The value of land banks held by developers in Dubai is virtually impossible to assess as they have been slow to write down losses and leave little clues as to what they are worth.

Analysts point out that the land held by publicly traded developers will have lost as much as 30% of its value from the peak in the real estate markets last year and they are concerned that such losses are not being taken account of.

Property consultants CB Richard Ellis has estimated that land values have fallen by up to 30%, but some analysts believe is could be much more.

Ian Albert, a regional director at Colliers International, said it is difficult to estimate values because there are so few transactions. But his company believes that land within the DubailandDubailand leisure and theme park development, for example, peaked at between Dh400 and Dh450 per square foot last August, but is now probably between Dh100 and Dh150, a substantial decline.

Noura Yassin, the head of valuation and consultancy at CBRE said establishing a fair value for development land was also complicated by uncertainty over whether developments would go ahead.

Others agree. 'I have seen nobody take a negative impairment charge on land. None of these guys put their land banks through some kind of stress test every quarter,' said Bobby Sarkar, a property analyst at Al Mal Capital.

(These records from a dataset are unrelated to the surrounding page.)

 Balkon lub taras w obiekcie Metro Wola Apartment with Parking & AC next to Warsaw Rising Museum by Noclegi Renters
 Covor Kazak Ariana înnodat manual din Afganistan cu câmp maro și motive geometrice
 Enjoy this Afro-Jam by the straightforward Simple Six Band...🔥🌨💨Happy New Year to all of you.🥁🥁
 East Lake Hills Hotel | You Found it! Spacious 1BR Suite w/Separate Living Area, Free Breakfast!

General opinion is that land values on specific developments such as Dubai Waterfront, owned by Nakheel, Dubailand and Business Bay, owned by Dubai Properties will have suffered even larger falls. Property companies with large partially developed masterplans, such as the Waterfront and Palm Deira, are expected to be most affected by declines in land values, while EmaarEmaar Properties is predicted to suffer least because most of its local projects are under construction.

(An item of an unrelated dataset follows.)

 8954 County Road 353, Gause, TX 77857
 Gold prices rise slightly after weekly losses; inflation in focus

Analysts say some developers whose shares are publicly traded may now be overstating their land bank values. 'Theoretically land must be valued to reflect any fair value change every quarter, but it is a very flexible environment and companies are typically aware of the potential of incurring a loss,' explained Roy Cherry, a property analyst at Shuaa Capital.

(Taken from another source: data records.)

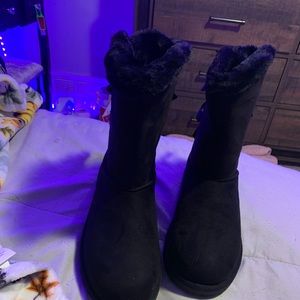 black boots never worn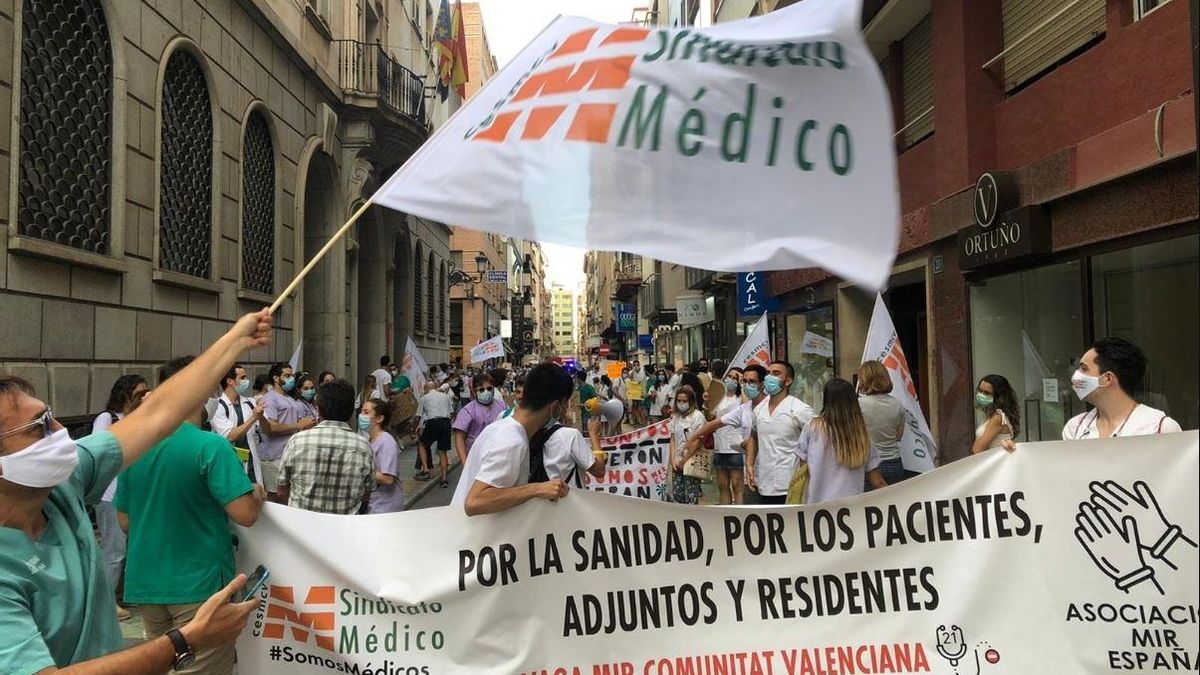 Momento de una de las movilizaciones convocadas por los MIR en València.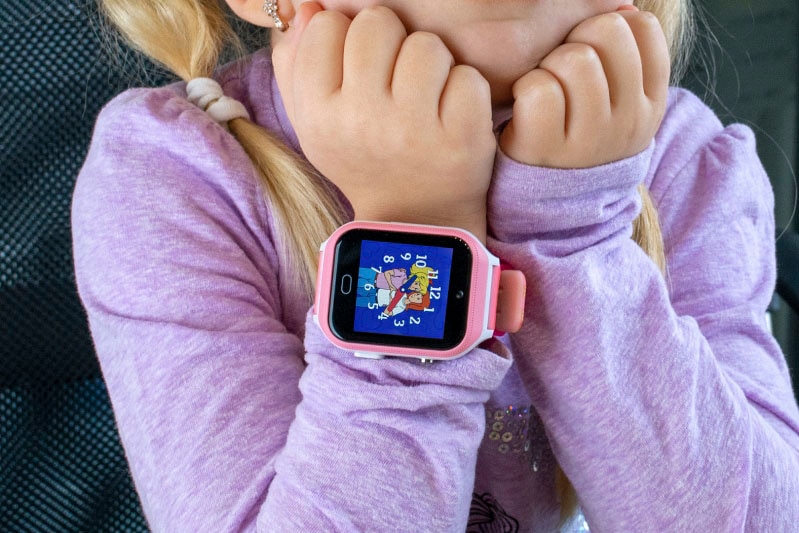 Technaxx Smartwatch »Bibi&Tina 4G Kids-Watch«, (3,9 cm / 1,54 Zoll), Proprietär, 4 GB,)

Smaller privately owned developers that acquired their land on the open market, rather than having it allocated to them free of charge, may be in a worse position. 'It would definitely be helpful to have more detail or a better breakdown of the land value on property companies' books,' said Al Mal Capital's Sarkar said. 'They have so much land on their books but essentially nobody knows what that value is.'

Developers will have to reveal the values soon, it is pointed out. Analysts say that once property developers start writing down stalled projects in their accounts, or face handing over finished projects but find that buyers have defaulted, the real value of land will become clearer.